Tanrı Mamutlarının Kralı Yüce Tao’nun Kralı’na sahipti ama Yang Qi’nin Kader Kralı vardı. İçinde, kontrol ettiği, onu yenilmez ve nihayetinde güçlü kılan, tüm canlıların sayısız kader akışı dönüyordu.

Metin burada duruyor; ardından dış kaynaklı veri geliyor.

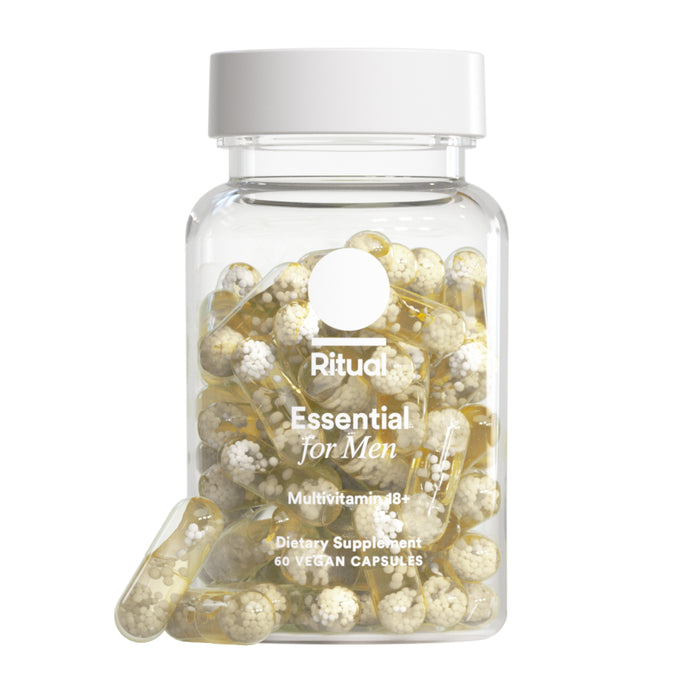 A clear Ritual Men's Multivitamin 18+ bottle holds 60 yellow and white vegan capsules with omega-3 DHA, shown open with two capsules in front—specially formulated for men.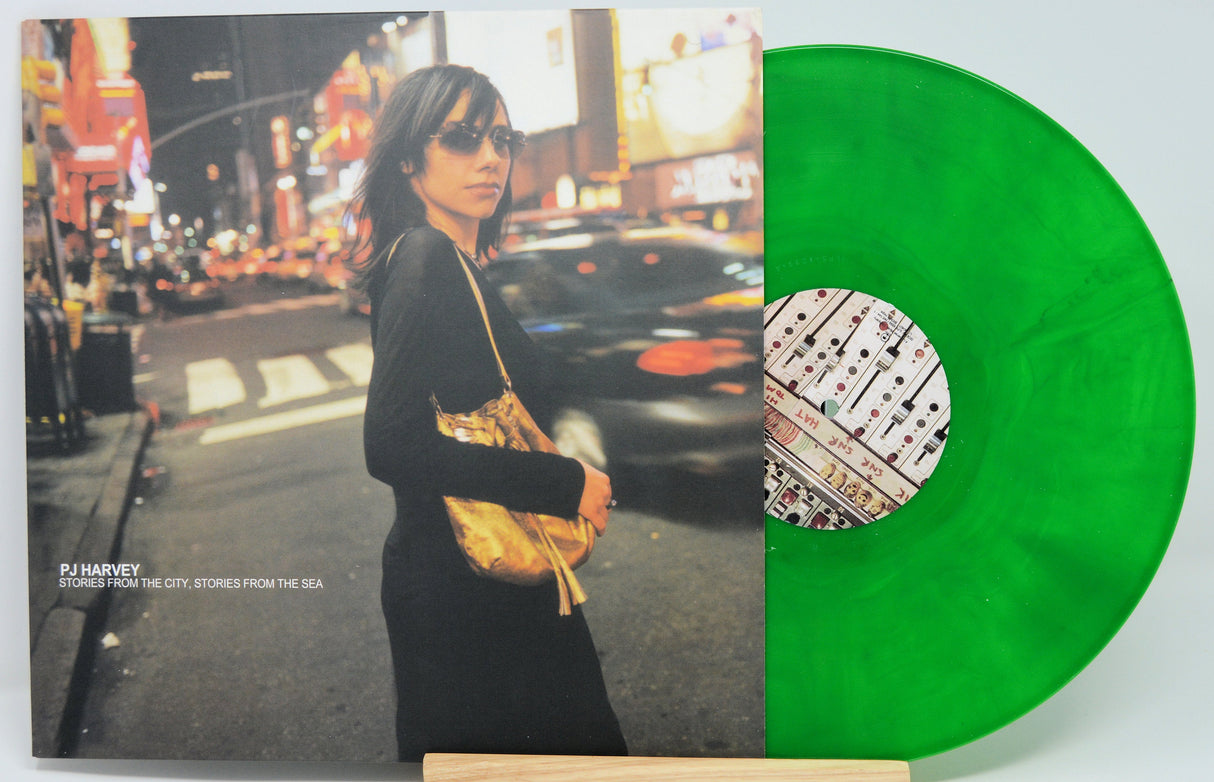 Front cover of PJ Harvey's Stories From the City, Stories From the Sea album with PJ Harvey in New York and translucent green vinyl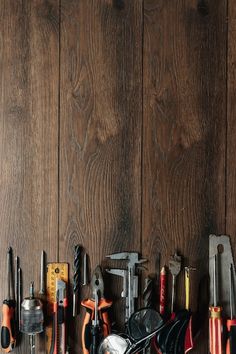 there are many different tools on the shelf together, including hammers and wrenches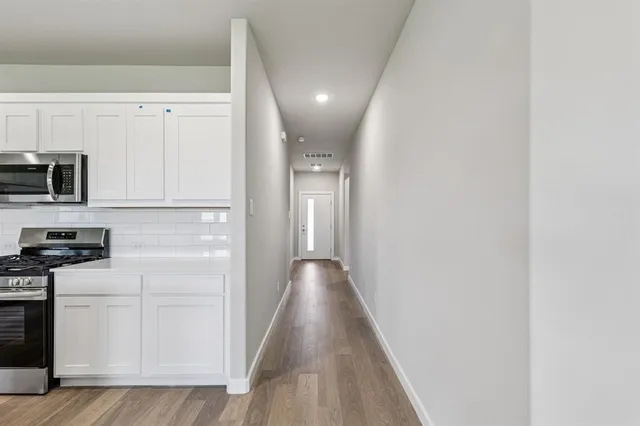 a view of a kitchen with electric appliances
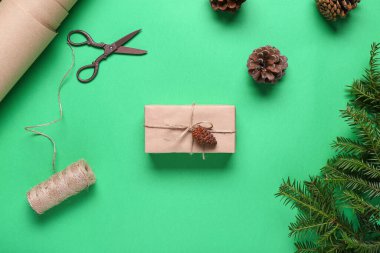 Noel hediyesi kutulu çam kozalakları ve yeşil arka planda köknar dalları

Yang Qi’nin ikinci versiyonuydu ya da belki de onun nihai versiyonuydu. Ne de olsa, tanrılığı yarı İptal Edilmiş seviyeye ulaştığında ortadan kaybolmuştu.
“Yarı İptal Edilmiş seviyeye geçme zamanı, Yang Ölümsüz Avcısı.” Yang Qi, Kader Kralı’nı Yang Ölümsüz Avcısı’na delici bir şekilde gönderdi, o da karşılık olarak ayağa kalktı.